Un autre point primordial est la liberté de manœuvre relativement grande et l’ambiance extraordinairement collégiale qui régnait à Bourges entre les différents services. On peut dire aujourd’hui que si le CAESAR n’avait pas été lancé dans ces conditions-là, il n’aurait jamais pu voir le jour dans le mode de management qui a été mis en place deux ans plus tard.
Cet environnement a permis d’aller très rapidement vers du concret. Un point essentiel était de disposer d’un démonstrateur proche du produit définitif, car un client potentiel se projette beaucoup plus grâce à un objet proche de la réalité, qu’avec un projet aussi étayé soit-il, ou un prototype de laboratoire. Cette rapidité a permis d’ancrer le CAESAR comme nouveau matériel.
Pour finir, ultime paradoxe, bien qu’il ait été acheté « sur étagère » tel un matériel étranger, le CAESAR est un matériel d’armement français conçu et développé à l’origine par des ingénieurs qui, bien que rapidement oubliés par la DGA lors du changement de statut de GIAT, ont continué à faire le même travail : celui pour lequel ils étaient entrés dans le corps, au service de l’excellence et du rayonnement de l’armement français.
Le CAESAR n’a pas été le fruit d’une génération spontanée, mais d’une conjonction de circonstances et de l’envie de trouver des solutions originales à des problèmes préoccupants.

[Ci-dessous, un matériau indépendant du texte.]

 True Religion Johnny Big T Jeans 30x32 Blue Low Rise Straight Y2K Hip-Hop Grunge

Ces toutes premières années de gestation ont vu l’implication d’un petit nombre de personnes, parmi lesquelles il faut citer Jean-Marie Romé (ICETA) et Robert Vernet, du bureau d’études sous la direction de Jean-Loup Guerrin (ICA), André Bourgougnon, Bertrand Thouvenin (IGA), Joël Marcon (ICA), puis Christophe Selliez qui m’a succédé à la direction des matériels d’artillerie, et enfin Pierre-André Moreau (IGA) qui reprit le flambeau quelques années plus tard. Ils sont aujourd’hui retraités et certains ont malheureusement disparu. Il m’a donc paru utile de raconter cette histoire avant qu’elle ne soit définitivement oubliée.

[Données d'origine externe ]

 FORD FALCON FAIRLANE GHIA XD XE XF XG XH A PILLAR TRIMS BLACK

Après avoir été directeur des programmes d’artillerie et directeur de production chez Giat Industries, puis Délégué régional aux restructurations de défense, Ph.Girard a occupé plusieurs postes de directeur général de filiales chez Veolia, Cegelec, ISS, ou Dalkia dont il était aussi membre du comité de direction. Lors de sa réintégration au ministère des armées, il a participé à la mise en place du partenariat PPP « Balard », puis a rejoint la DO de la DGA.